I am, however, of the opinion that Afro centrist positions often reflect, albeit in reverse and at times unwittingly, the base inferiority complex that characterizes the colonized mind. We do not have to insist that everything under the sun originated with the black person or in Africa to be proud of our heritage. Mobutu launched the authenticité campaign and changed his name from Joseph Desiree Mobutu to Mobutu Sese Seko Wazabanga but that did little to change his colonized mind or state of servility to the West. Civilization, what is right, progress and what is or is not modern are all relative and not always white. The concept of the mind as an occupied territory, this same mind becoming the enemy within of the assimilated “natives”, filled with self contempt, who imbibe the education of the colonizer (language and all) and become carbon copies of the colonizer highlights the confusion and debilitating trauma and tension the colonized have to live under. Ngugi wa Thiongo, in his book “The Decolonization of the Mind”, raises the problem as it relates to language and the dominance of English. He argues that writers should write in their native languages as a means of decolonization of the mind. How far is the relevance and even importance of Western education? Should the African elite feel proud and gloat just because, as one Western African put it, he has “sat at the foot of the white man and drank from the fountain of knowledge” in some Western university and got a degree. And yet the resort to what is generally known as tradition is fraught with deadly mines. Automatic deliverance is not offered–actually this solution may be worse than the problem in many instances. Harmful traditions are many; the overall rejection of all that is labeled Western (what is really Western and not universal?) could also be disastrous. After all the Taliban mind is not decolonized, they and the likes of the Somali Al Shabab, who rile against music, sports and the rights of women and decapitate, stone or throw acid at the faces of young girls going to school, are not a better deal over the colonized mind. Choose your poison.
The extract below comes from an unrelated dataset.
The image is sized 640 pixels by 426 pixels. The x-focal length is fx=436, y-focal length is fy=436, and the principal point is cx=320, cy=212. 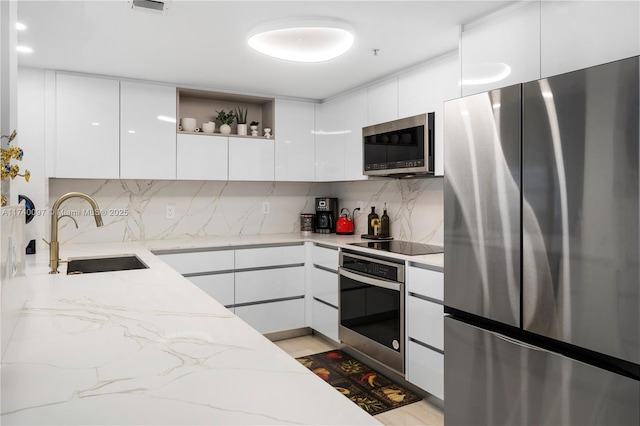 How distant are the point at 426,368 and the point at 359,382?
60 cm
Hence, the black security guards and policemen who tend to believe that all blacks are first class suspects are not to be blamed–they need to be pitied. Next time you go to a supermarket or a department store, do open your bags voluntarily to give the black security guards articles and books on the need to decolonize our minds. It is tragic to stay a slave and not know it at all. Fifty years after mostly fake independence, the real liberation of Africa demands an end to servility and to the colonization of our minds.